Talk Title | Genji: A framework for building resilient near-real-time data pipelines |
Speakers | Swaminathan Sundaramurthy (Salesforce Inc), Mark Cho (Pinterest) |
Conference | O’Reilly Velocity Conference |
Conf Tag | Build resilient systems at scale |
Location | New York, New York |
Date | October 2-4, 2017 |
URL | Talk Page |
Slides | Talk Slides |
Video | |
Pinterest operates on data at petabyte scale. Previously, the company’s fact tables were generated daily using Hadoop, resulting in data that was frequently 24–48 hours old. In order to support real-time decision making, stats, and analytics, Pinterest modeled its warehouse on quasi-Kappa architecture, treating batch processing as a special case of stream processing and warehousing data with sub-15-minute lag.
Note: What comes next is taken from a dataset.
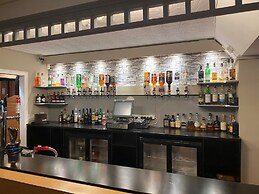 Smithton Hotel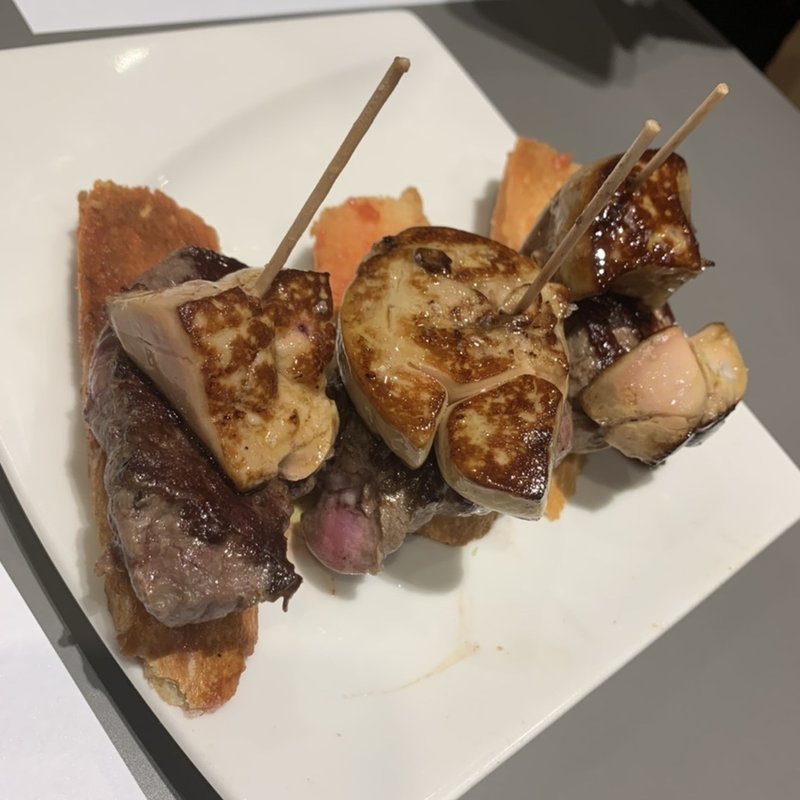 ピンチョス(スペインのレストラン)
Swaminathan Sundaramurthy and Mark Cho offer an overview of Pinterest’s real-time data pipeline, discussing the company’s decision to warehouse data at near-real-time to enable downstream systems to operate on much fresher data, the platform’s architecture, and its impact on Pinterest’s systems, tools, and processes. They conclude by demonstrating how Pinterest models real-time ads analytics use cases on the platform and sharing lessons learned along the way.